Section 2 Assessment
- Define: social order, soothsayers, omens, catacombs, necropolis.
- How did the Etruscan social order change over time?
SECTION 3-Etruscans and Romans
In 616 B.C., Lucius Tarquinius (lū' shuhs tar kwin' ē uhs) became the first Etruscan ruler of Rome. No one is certain whether Tarquinius took the throne from the Latin king by force or by cleverness. Nevertheless, his dynasty ruled Rome for more than 100 years.
The Etruscans were more culturally advanced than the Latins. They made many contributions to Roman civilization. In the area of architecture, the Etruscans taught the Latins how to use the arch in the building bridges. The Etruscans also laid the foundations of Rome's first sewer system. They drained the swamp at the foot of the Palatine. This later became the place where Rome's Forum (fōr' uhm), or the public square, was built. The Forum housed a palace, government buildings, and law courts.

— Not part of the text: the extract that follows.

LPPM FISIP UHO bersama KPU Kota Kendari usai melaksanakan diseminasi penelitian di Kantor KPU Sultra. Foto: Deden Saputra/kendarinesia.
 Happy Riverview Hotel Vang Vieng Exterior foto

The Etruscans made a contribution in the area of language as well. They borrowed the Greek alphabet and made some changes in it. The Romans, in turn, borrowed the Etruscan alphabet.
The Romans also borrowed some Etruscan customs. One was the fights of enslaved people held at Etruscan funerals. These were models for the gladiatorial (glad' ē uh tōr ē uhl) games with which the Romans amused themselves. These games were fights between armed men, between men and animals, between women and dwarfs, and between animals. Another custom borrowed from the Etruscans was the triumph (trī' uhmf), or the parade-like welcome given a Roman hero returning from battle.
In addition, the Romans borrowed Etruscan symbols of authority. One of these was the fasces (fas' ēz), or a bundle of rods bound around an ax. It became the symbol of a Roman ruler's power to beat or execute other people.
The Etruscans also introduced the Romans to certain religious beliefs. These included soothsayers and gods with human forms. The Etruscans built the first temple on the Capitoline (kap' uh tuh līn), one of the seven hills of Rome. Today, it is the center of Rome's municipal (myū nis' uh puhl), or city, government.
The Romans founded their cities according to a ritual borrowed from the Etruscans. Soothsayers read omens that told where the city's boundaries should be. A ditch was dug to mark the boundaries. The plow used to dig the ditch had a bronze blade and was pulled by a white bull and cow yoked together. Workers then dug a trench at the center of the city. After each of the city's founders had tossed a handful of earth into the trench, the priest took over. They laid out the main street and determined the principal cross street. The place where the two streets met was marked by a stone.
The Etruscans beleived that the stone covered a shaft leading to the underworld. Three times a year, an Etruscan priest lifted the stone to allow the souls of the dead to return to Earth. The Romans believed the place where the two streets met was the mundus (muhn' duhs), or the meeting point for the worlds of the living and the dead.
Etruscans were not the first to develop or use many of the ideas and practices the Romans borrowed from them. They were, however, the people who brought these ideas to the notice of the Romans. Thus, they played an important role in the development of Roman civilization.
SECTION 3 ASSESSMENT
- Define: Forum, gladiatorial games, triumph, fasces, municipal, mundus.
- What contributions did the Etruscans make to the Roman language?
- How did the Etruscans and Romans establish their cities?